> Activity
Would you please transcribe the records below exactly, leaving out the pictures?

Top of Material for this task

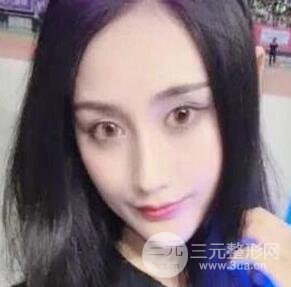 北京伊美尔何祯平做完双眼皮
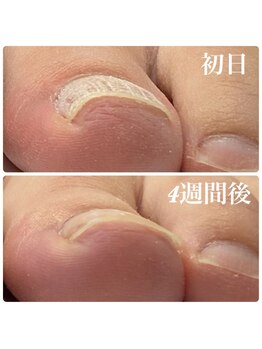 ピーラトゥ 日立(P-Ratu)/巻き爪矯正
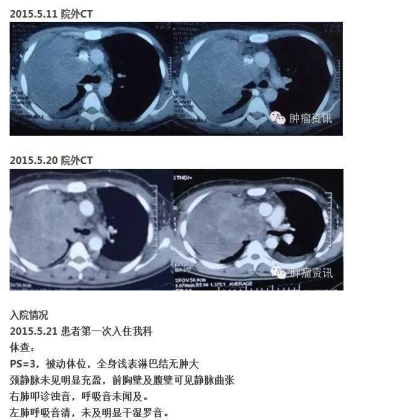 中日韩个体化诊疗案例大赛经典赏析之十四——27岁晚期NSCLC，精准治疗 与 指南盲区向左向右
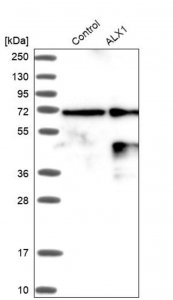 ANTI-ALX1 antibody produced in rabbit 
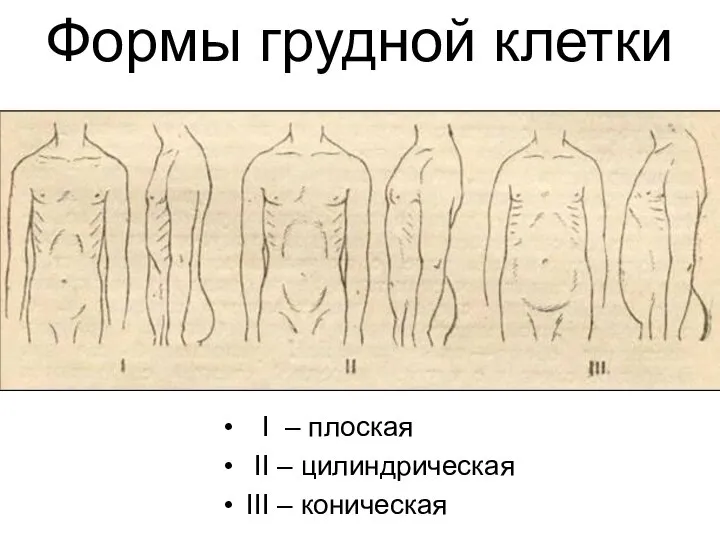 Формы грудной клетки I – плоская II – цилиндрическая III – коническая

Bottom of Material for this task

> Answer box
 北京伊美尔何祯平做完双眼皮
 ピーラトゥ 日立(P-Ratu)/巻き爪矯正
 中日韩个体化诊疗案例大赛经典赏析之十四——27岁晚期NSCLC，精准治疗 与 指南盲区向左向右
 ANTI-ALX1 antibody produced in rabbit 
 Формы грудной клетки I – плоская II – цилиндрическая III – коническая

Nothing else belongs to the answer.